*** Given material ***

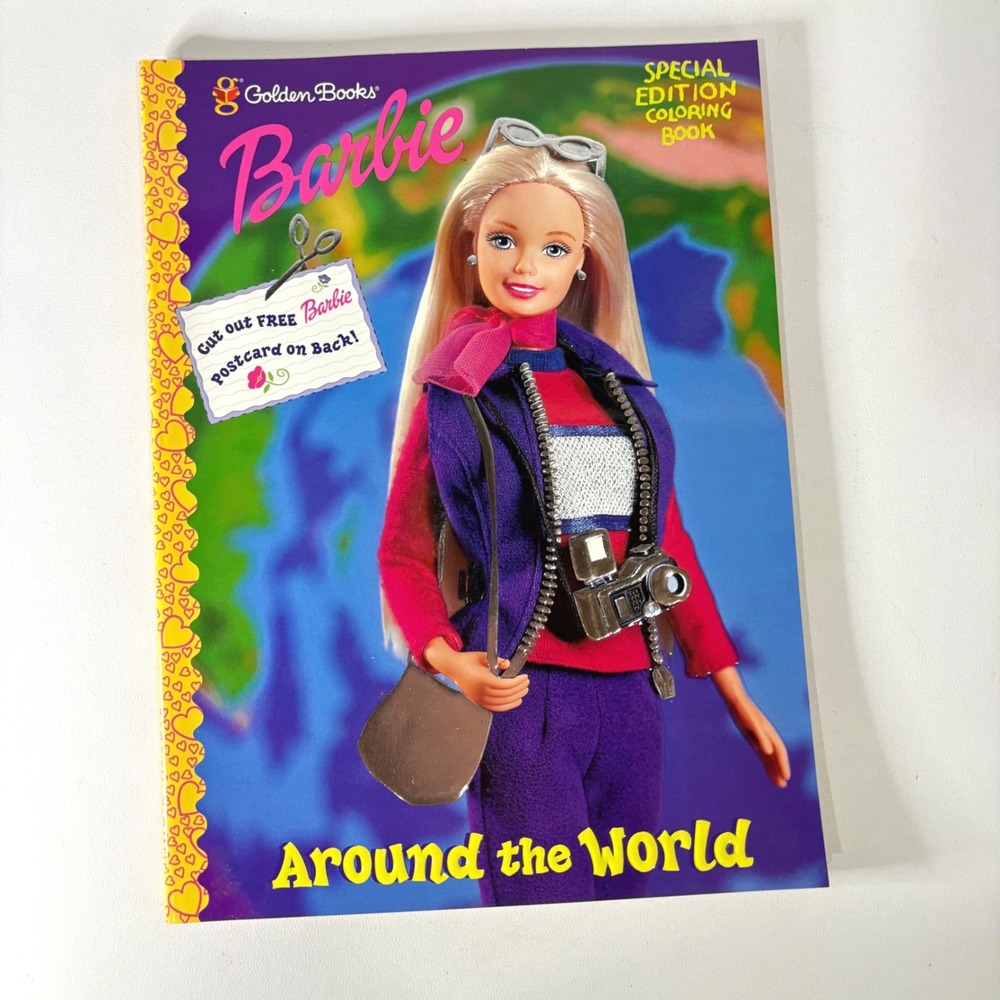 Vintage 1999 Barbie Around the World Special Edition Coloring Book Golden Books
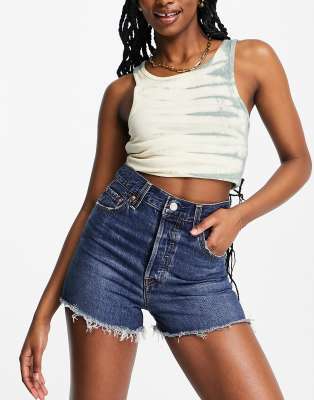 levi's ribcage short in darkwash blue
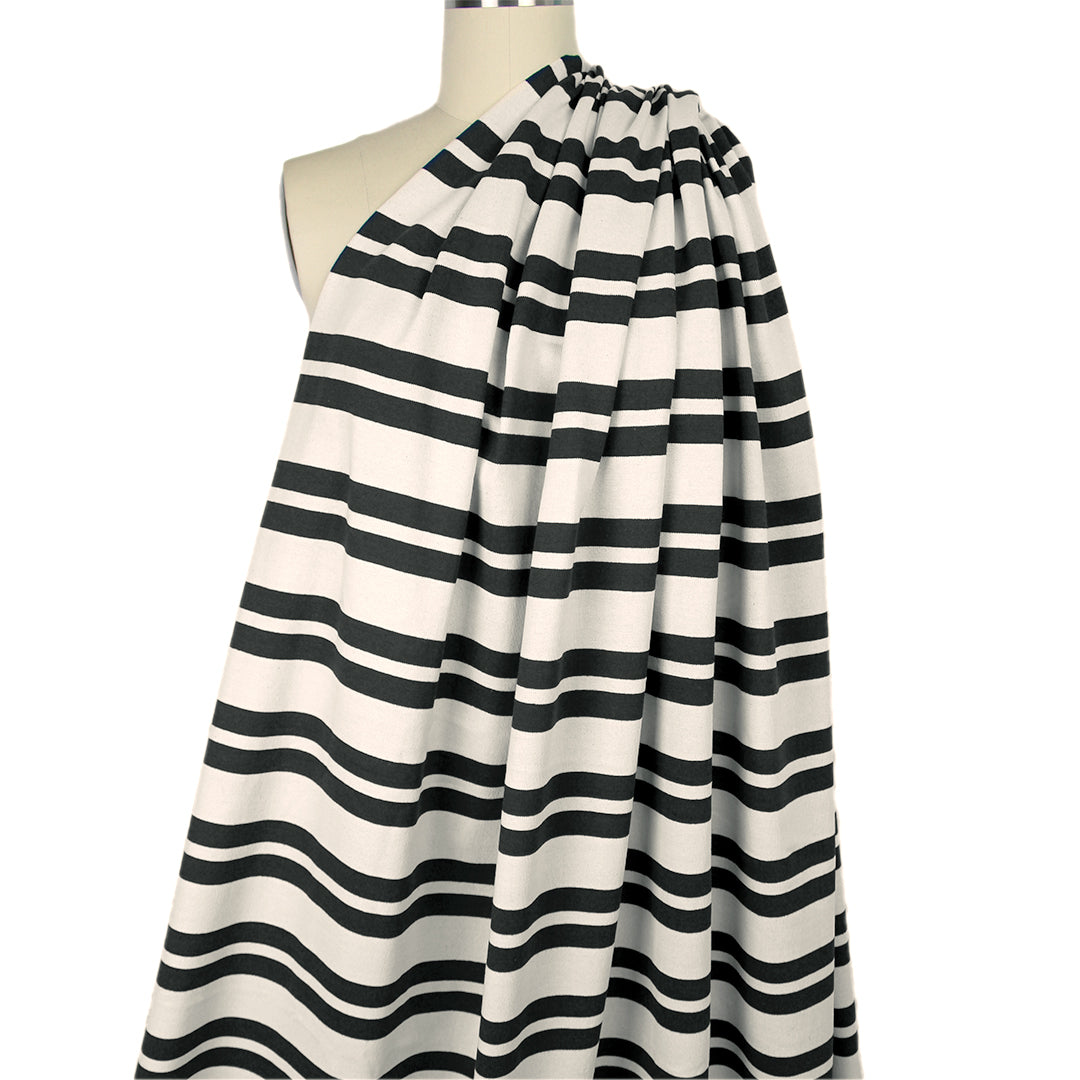 French double-stripe cotton sweater knit - black/ivory 1 yard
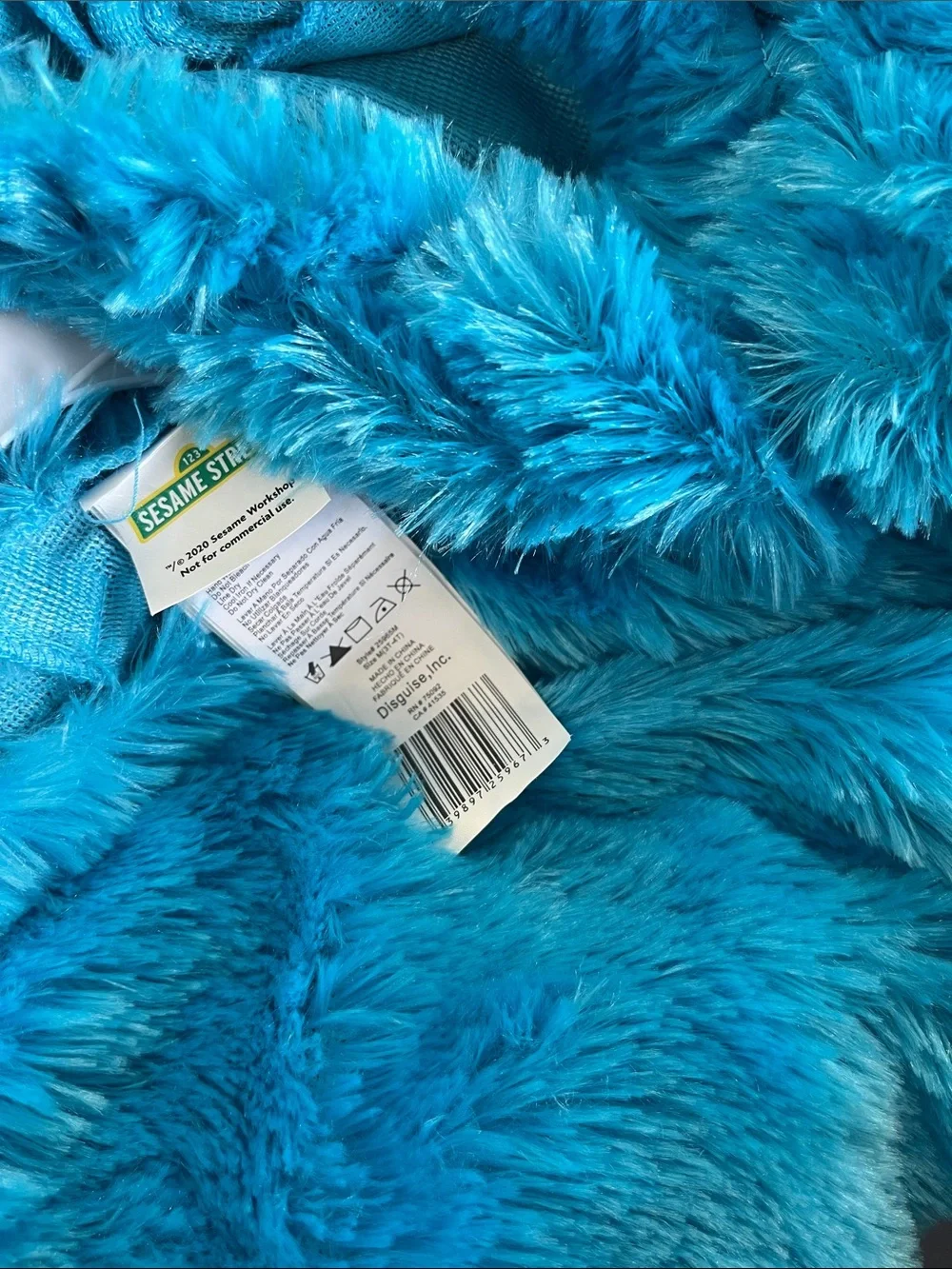 Sesame Street Cookie Monster Bright Turquoise Plush Character Costume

*** End of Given material ***

#### Goal of the exercise:
Set down all the data again exactly as above, pictures excluded.

#### Answer to the problem:
 Vintage 1999 Barbie Around the World Special Edition Coloring Book Golden Books
 levi's ribcage short in darkwash blue
 French double-stripe cotton sweater knit - black/ivory 1 yard
 Sesame Street Cookie Monster Bright Turquoise Plush Character Costume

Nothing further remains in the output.